THIS year has been an incredibly busy one for Cork poet and author Daragh Fleming, including the publication of his first two chapbooks of poetry.
“My first chapbook was published in February by Bottlecap Press, and the second, Poems That Were Written On Trains But Weren’t Written About Trains was released this month,” he tells The Echo.
“The latest, you’ll be surprised to learn, was written primarily on trains in their first drafts.”
The chapbook consists of 19 poems, and tracks a nine-week trip through Europe towards the end of 2021.
“The idea was tell a story using the poems as the medium,” Darragh explains. “This small collection addresses wanderlust, falling in love, falling out of love, and the desire to seek familiarity and a sense of self in the unknown.”
Daragh, a Glounthaune native, combines his literary career with work as Digital Content Lead for mental health charity A Lust For Life and writes regularly for the charity’s website and for HeadStuff.org. He also has two collections of short stories published by Riversong Books; The Book of Revelations (2019) and If You Are Reading This Then Drink Water (2020).
Another recent success was winning From The Well, the annual short story competition organised by Cork County Library and Arts Service, in 2021. Cork is well known for its thriving literary scene, something Daragh believes is a source of inspirations for up-and-coming writers.
“I think I’m definitely involved now, more so than ever,” he says. “The thing about the Cork writing scene, and the Irish writing scene in general, is that everyone is sincerely encouraging.
“I was given the opportunity to read some of my work at the Rebound Arts Festival here in the city last Spring, which allowed me to bump elbows with local writers like Lucy Holme, Patrick Holloway, and Eimear Ryan.
“There’s such a rich culture here of fanning the flames that it is difficult to not be motivated and inspired.
“Then of course, you have events like The West Cork Literary Festival which took place this month, again another place to showcase work and listen to established writers.
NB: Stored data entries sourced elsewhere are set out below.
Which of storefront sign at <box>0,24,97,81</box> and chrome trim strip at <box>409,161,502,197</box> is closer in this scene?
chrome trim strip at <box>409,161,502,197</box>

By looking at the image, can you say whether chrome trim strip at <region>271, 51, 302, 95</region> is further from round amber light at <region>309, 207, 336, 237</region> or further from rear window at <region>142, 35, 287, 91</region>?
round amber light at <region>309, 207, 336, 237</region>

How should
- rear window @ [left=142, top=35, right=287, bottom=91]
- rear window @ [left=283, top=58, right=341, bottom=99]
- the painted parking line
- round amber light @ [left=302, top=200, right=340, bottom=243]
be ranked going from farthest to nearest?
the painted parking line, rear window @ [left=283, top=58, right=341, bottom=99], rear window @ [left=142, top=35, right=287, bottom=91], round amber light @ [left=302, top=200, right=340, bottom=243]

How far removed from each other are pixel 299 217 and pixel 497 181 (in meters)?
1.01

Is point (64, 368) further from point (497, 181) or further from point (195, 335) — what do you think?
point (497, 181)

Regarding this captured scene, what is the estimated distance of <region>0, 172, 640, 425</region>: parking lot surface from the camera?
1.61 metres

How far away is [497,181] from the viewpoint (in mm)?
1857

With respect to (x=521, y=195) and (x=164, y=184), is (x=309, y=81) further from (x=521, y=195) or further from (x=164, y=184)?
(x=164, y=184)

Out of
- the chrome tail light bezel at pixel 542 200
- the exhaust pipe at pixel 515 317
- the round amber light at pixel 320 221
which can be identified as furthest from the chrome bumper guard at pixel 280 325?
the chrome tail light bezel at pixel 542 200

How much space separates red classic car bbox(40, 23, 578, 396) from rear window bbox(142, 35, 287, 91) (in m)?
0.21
You have the festivals, the many budding literary journals here in Cork such as Swerve, The Four Faced Liar, HOWL and Bealtaine, as well reading events like Fiction at the Friary, O Bhéal and Limesquare Poets.
“It’s safe to say there is a wide range of places writers can go to be inspired and receive much needed encouragement.”
Later this year, Daragh will be adding yet another string to his bow with the publication of a non-fiction collection. But first, a trip to the continent is on the cards.
“Next up for me is a week long writers’ residency in Olut, Spain, in October to work on a collection of short stories and deliver a workshop,” Daragh says.
“After that, I’ll be back in Cork for the launch of my debut non-fiction book, a collection of essays on mental health called Lonely Boy published by BookHub Publishing of Galway.”
Sounds like the second half of the year is set to be just as busy as the first for this prolific young talent.
Poems That Were Written On Trains But Weren’t Written About Trains is available at www.bookdepository.com. Lonely Boy is due for release on November 10, and will be launched in Cork on the same day.